Rational prediction of $PM_{2.5}$ concentration can effectively prevent and control atmospheric environmental pollution. To improve the accuracy of short-term $PM_{2.5}$ concentration prediction, the paper proposes a combined CNN-LSTM prediction model combining CNN and LSTM networks.

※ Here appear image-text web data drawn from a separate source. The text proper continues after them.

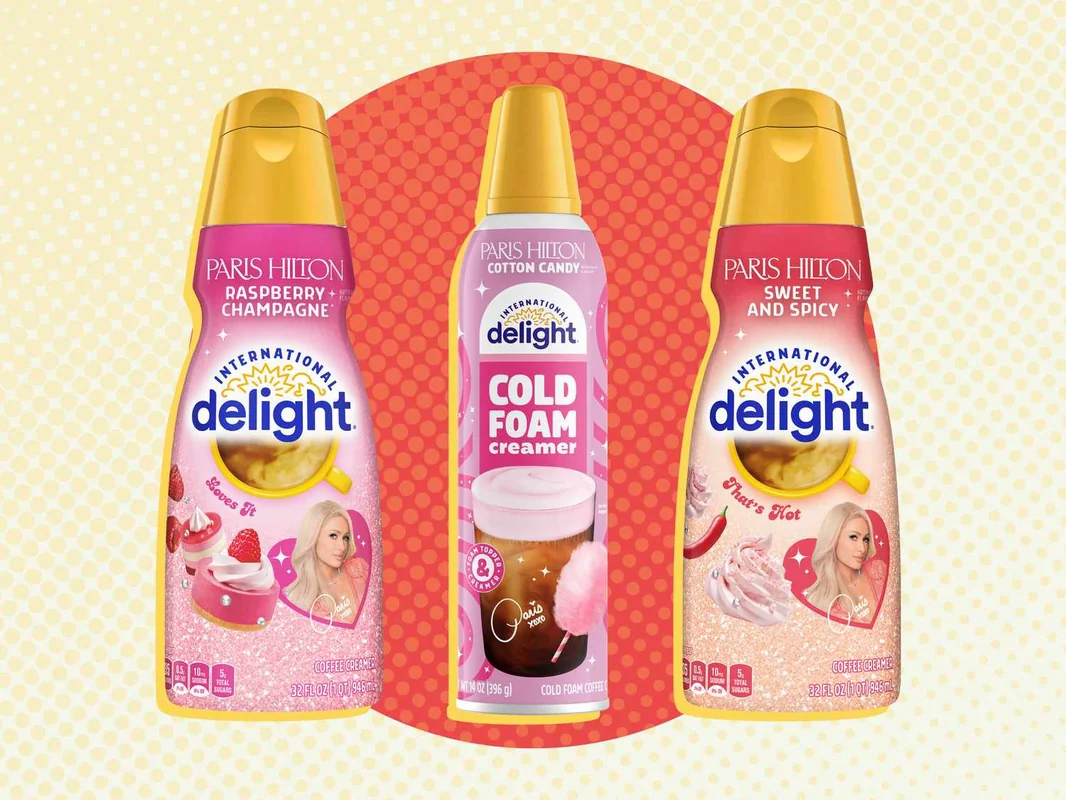 Variety of Paris Hilton coffee creamers including Raspberry Champagne.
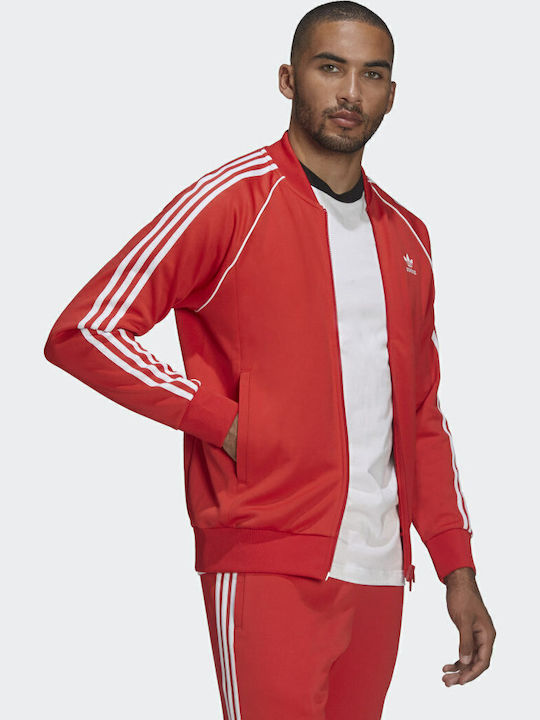 Adicolor Classics Ανδρική Ζακέτα Track Jacket με Κουκούλα Κόκκινη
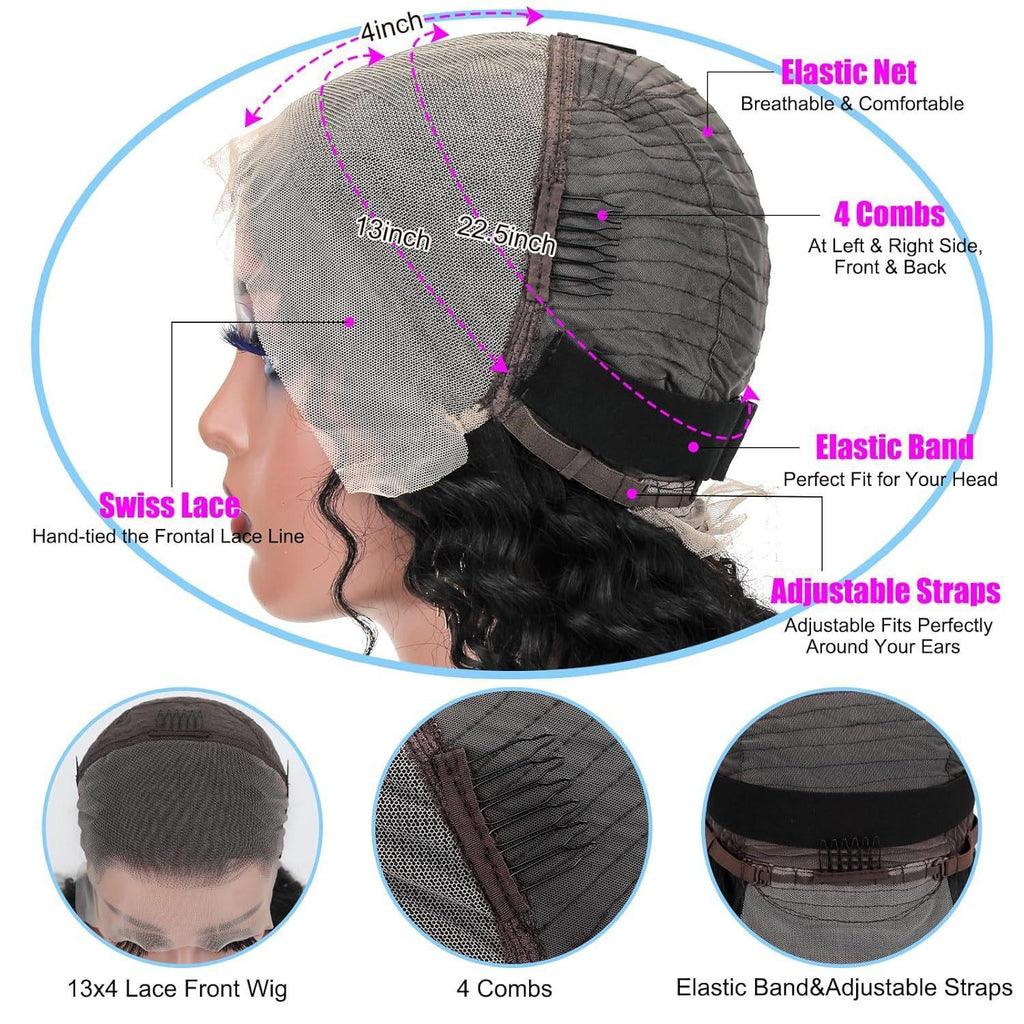 Front Lace Human Hair Wig Deep Wave Human Wigs - Dazzling Beauty Solution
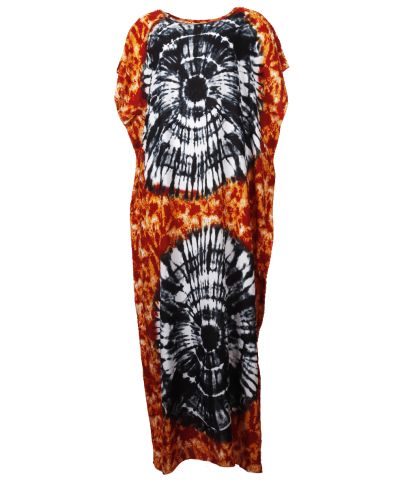 Koeldragende lange kaftan met batikprint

The model first automatically extracts the spatial features of the dataset set using a CNN and a one-dimensional convolutional kernel function, and then uses a multilayer LSTM network to capture the time-dependent features of the sequence, then introduces a Dropout layer and trains the model with the Adam optimization algorithm mechanism to improve the operational efficiency. Finally, a deep neural network with a single hidden layer is used in the fully connected layer to fit and predict the data and output the predicted value. The paper predicts $PM_{2.5}$ concentrations using Beijing air pollutant concentration data and historical meteorological data from 2014-1-1 to 2022-7-5 to fully extract the spatial and temporal characteristics of multivariate nonlinear series. The results show that the optimization of the CNN-LSTM model on the LSTM model can provide a more accurate data basis, which is used in formulating air pollution prevention and control countermeasures.
基于CNNLSTM深度学习模型的PM2.5浓度预测
合理预测PM_{2.5}$浓度可有效防治大气环境污染。为了提高短期$PM_{2.5}$浓度预测的准确性,本文提出了一种结合CNN和LSTM网络的CNN-LSTM组合预测模型。该模型首先使用CNN和一维卷积核函数自动提取数据集的空间特征,然后使用多层LSTM网络捕获序列的时间相关特征,然后引入Dropout层并使用Adam优化算法机制对模型进行训练,以提高运行效率。最后,在全连接层中使用单隐层深度神经网络对数据进行拟合和预测,并输出预测值。本文利用2014年1月1日至2022年7月5日北京市大气污染物浓度数据和历史气象数据对PM_{2.5}$浓度进行预测,充分提取多元非线性序列的时空特征。结果表明,CNN-LSTM模型在LSTM模型上的优化可以提供更准确的数据依据,用于制定大气污染防治对策。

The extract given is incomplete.